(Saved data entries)
☆ ☆ ☆ ☆

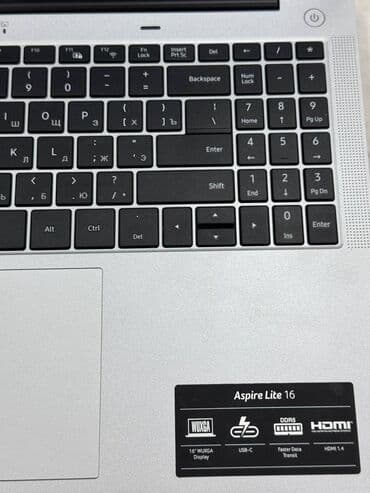 acer aspire one цена: Ноутбук, Acer, 16 ГБ ОЭТ, Intel Core i3, 15.6 ", Колдонулган, Жумуш, окуу үчүн, эс тутум NVMe SSD — 4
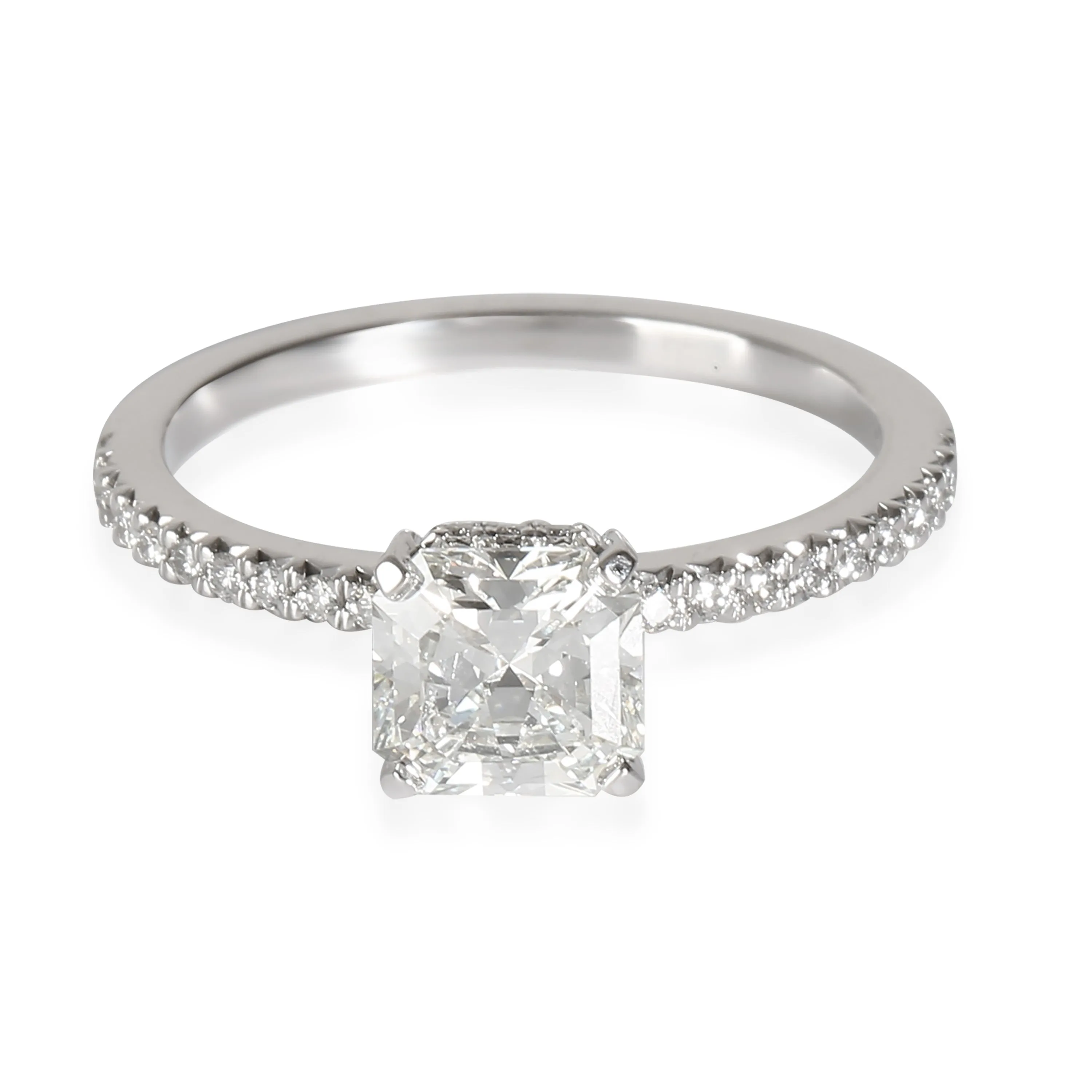 Tiffany & Co. Jewelry Tiffany True Engagement Ring in  Platinum I VS1 1.19 CTW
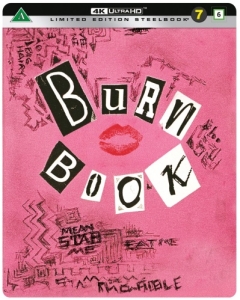 Movie - Mean Girls (4K) Steelbook i gruppen Film / Film UHD-4K / Comedy hos Bengans Skivbutik AB (5661015)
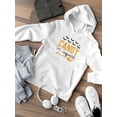 thumbnail image 3 of Candy Inspector. Bats And Broom Hoodie Juniors -Image by Shutterstock,  Medium, 3 of 4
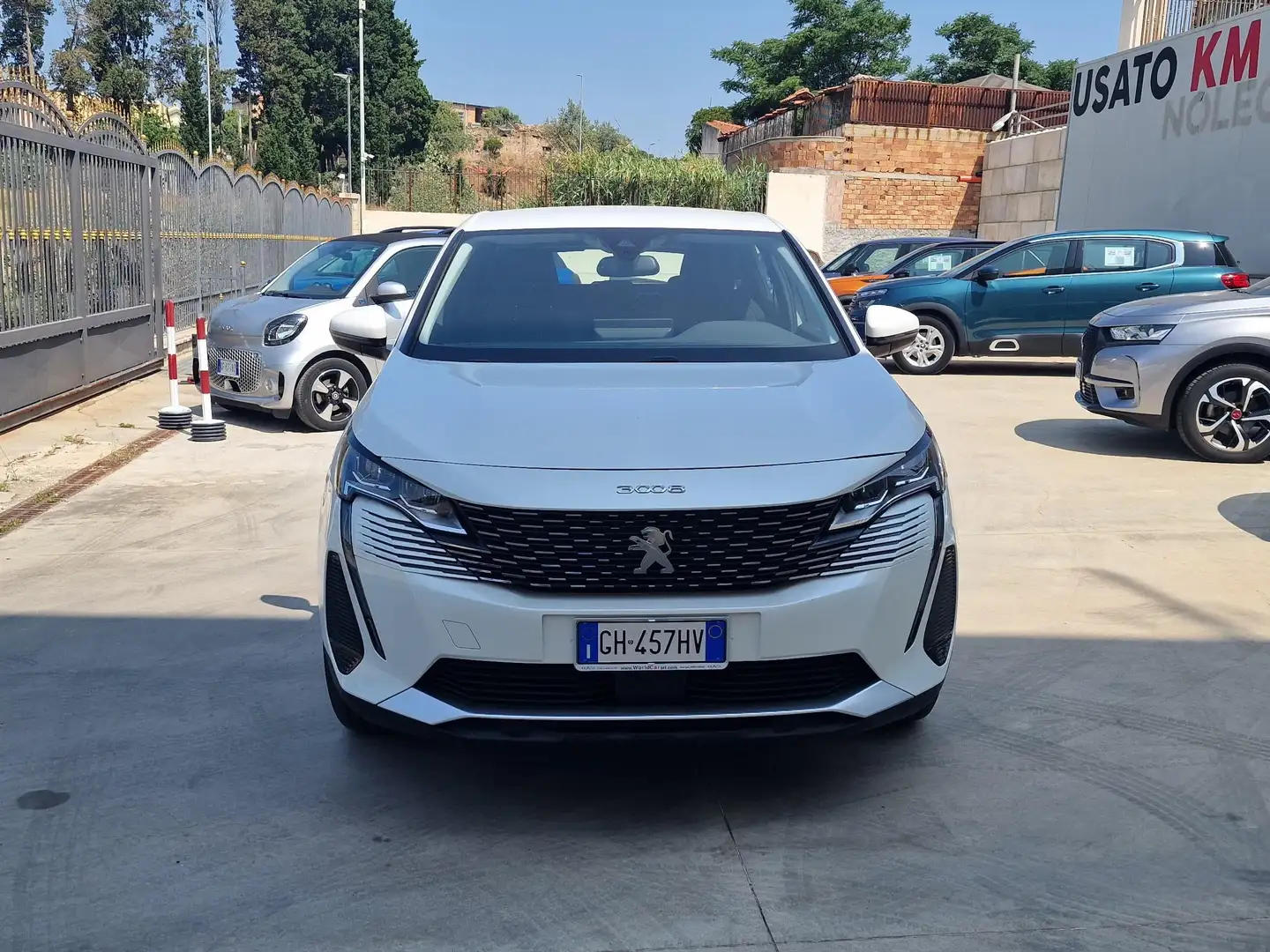 Peugeot 3008 3008 II 2021 1.5 bluehdi Active Business s Bianco - 2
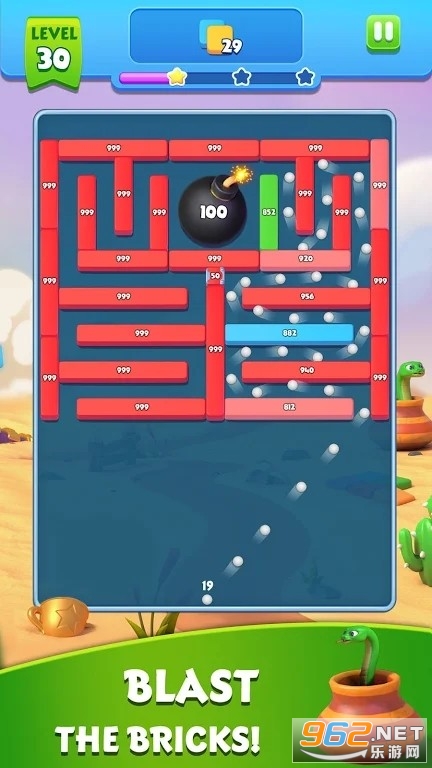 Brick Ball Blast(ש�����������Ϸ)��ͼ4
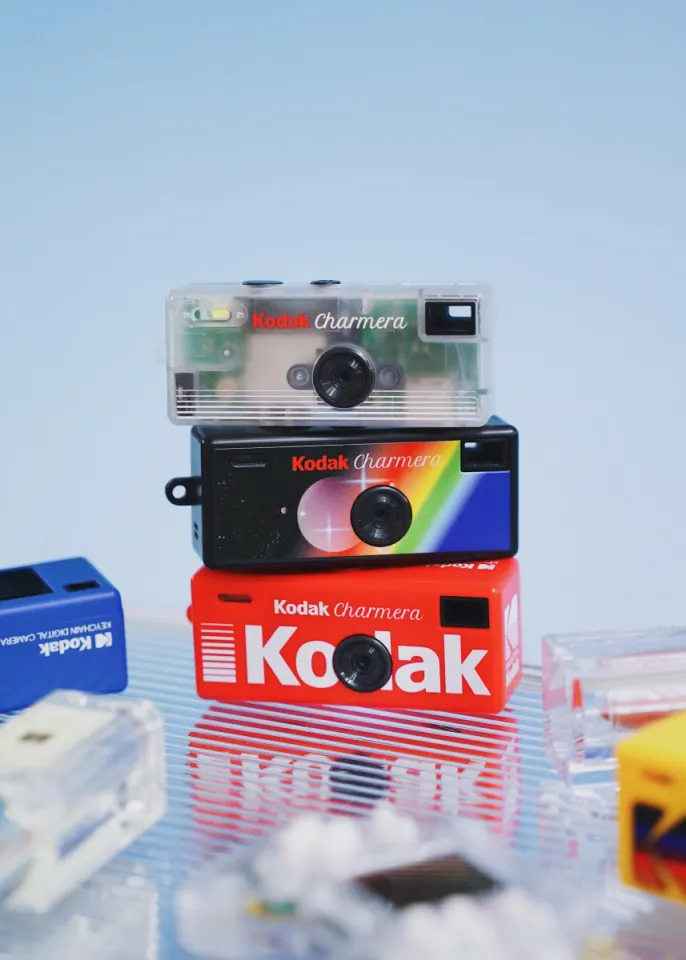 Kodak Charmera Key Chain Digital Camera (Random Style Blind Box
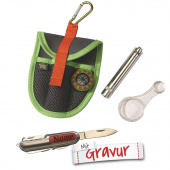 HABA Forschertasche, Taschenmesser mit Gravur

☆ ☆ ☆ ☆

What you are asked to do: From the line with "Peugeot 3008 3008" to the last line above, restate each line word for word, but skip the pictures.

Exercise solution:
 Peugeot 3008 3008 II 2021 1.5 bluehdi Active Business s Bianco - 2
 Brick Ball Blast(ש�����������Ϸ)��ͼ4
 Kodak Charmera Key Chain Digital Camera (Random Style Blind Box
 HABA Forschertasche, Taschenmesser mit Gravur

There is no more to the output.